S/4HANA and Data Warehousing
One of the promisses of S/4HANA is that analytics is integrated into the [S/4HANA] applications to bring analyses (insights) and the potentially resulting actions closely together. The HANA technology provides the prerequisites as it allows to easily handle “OLTP and OLAP workloads”. The latter is sometimes translated into a statement that data warehouses would become obsolete in the light of S/4HANA. However, the actual translation should read “I don’t have to offload data anymore from my application into a data warehouse in order to analyse that data in an operational (isolated) context.”. The fundamental thing here is that analytics is not restricted to pure operational analytics. This blog elaborates that difference.
To put it simple: a business application manages a business process. Just take the Amazon website: it’s an application that handles Amazon’s order process. It allows to create, change, read orders. Those orders are stored in a database. A complex business (i.e. an enterprise) has many such business processes, thus many apps that support those processes. Even though some apps share a database – like in SAP’s Business Suite or S/4HANA – there is usually multiple databases involved to run a modern enterprise:
- Simply take a company’s email server which is part of a communications process. The emails, the address book, the traffic logs etc sit in a database and consitute valuable data for analysis.
- Take a company’s webserver: it’s a simple app that manages access to information of products, services and other company assets. The clickstream tracked in log files constitutes a form of (non-transactional) database.
- Cash points (till, check-outs) in a retail or grocery store form part of the billing process and write to the billing database.
- Some business processes incorporate data from 3rd parties like partners, suppliers or market research companies meaning that their databases get incorporated too.
The list can be easily extended when considering traditional processes (order, shipping, billing, logistics, …) and all the big data scenarios that arise on a daily base; see here for a sample. The latter add to the list of new, additional databases and, thus, potential data sources to be analysed. From all of that, it becomes obvious that not all of those applications will be hosted within S/4HANA. It is even unlikely that all the underlying data is physically stored within one single database. It is quite probable that it needs to be brought either physically or, at least, logically to one single place in order to be analysed. That single place hosts the analytic processing environment, i.e. some engines that apply semantics to the data.
Now, whatever the processing environment is (HANA, Hadoop, Exadata, BLU, Watson, …) and whatever technical power it provides, there is one fundamental fact: if the data to be processed is not consistent, meaning harmonised and clean, then the results of the analyses will be poor. “Garbage in – garbage out” applies here. Even if all originating data sources are consistent and clean, then the union of their data is unlikely to be consistent.

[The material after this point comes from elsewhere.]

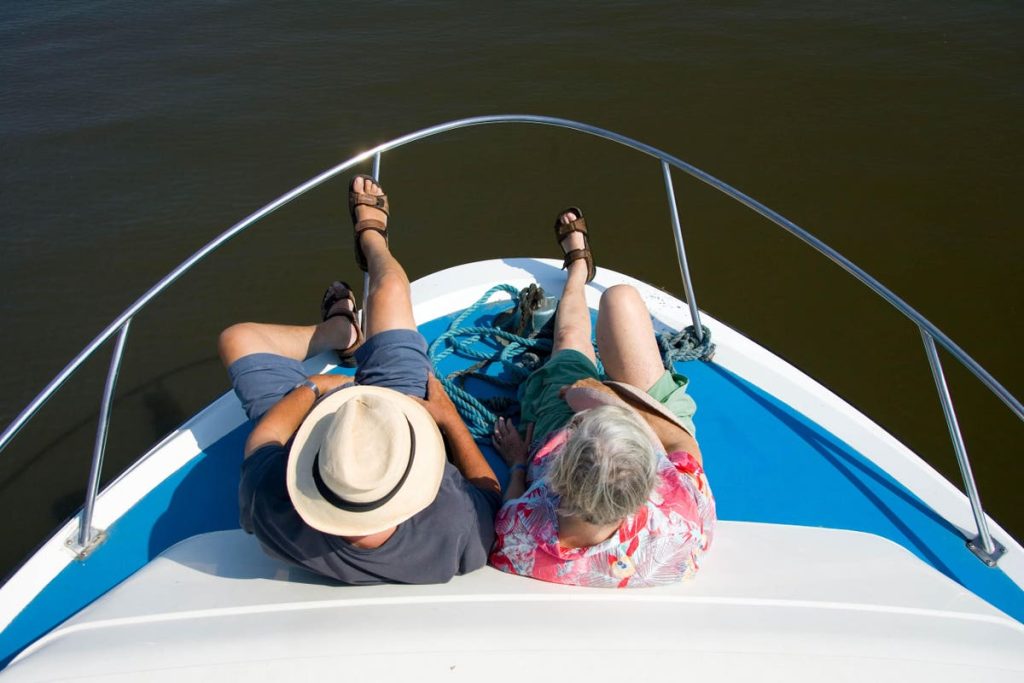 There Are Special Retirement Risks For The Upper-Middle Class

It starts with non-matching material codes, country IDs or customer numbers, stretches to noisy sensor data and goes up to DB clocks (whose values are materialised in timestamps) that are not in sync – simply look at Google’s efforts to tackle that problem.
In summary: while analytics in S/4HANA is operational, there is 2 facts that make non-operational (i.e. beyond a single, isolated business process) and strategical analyses challenging:
- It is likely that enterprise data sits in more than 1 system.

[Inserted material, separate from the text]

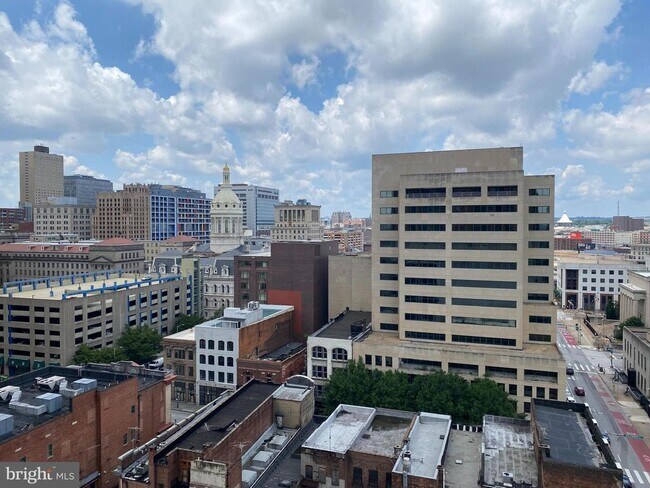 Building Photo - 414 Water St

- Data that originates from various systems is probably not clean and consistent when being combined.
A popular choice to tackle that challenge is a data warehouse. It has the fundamental task to expose the enterprise data in a harmonised and consistent way (“single version of the truth”). This can be done by physically copying data into a single DB to then transform, cleanse, harmonise the data there. It can also be done by exposing data in a logical way via views that comprise code to transform, cleanse, harmonise the data (federation). Both approaches do the same thing, simply at different moments in time: before or during query execution. But, both approaches do cleanse and harmonise. There is no way around. So, either physical or logical data warehousing is a task that does not go away. Operational analytics in S/4HANA cannot and does not intend to replace the strategical, multi-systems analytics of a physical or logical data warehouse. This should not be confused by the fact that they can leverage the same technical assets, e.g. HANA.
On purpose, this blog has been neutral to the underlying product or approach used for data warehousing. This avoids that technical product features are mixed up with general tasks. In a subsequent blog, I will tackle the relationship between S/4HANA and BW-on-HANA.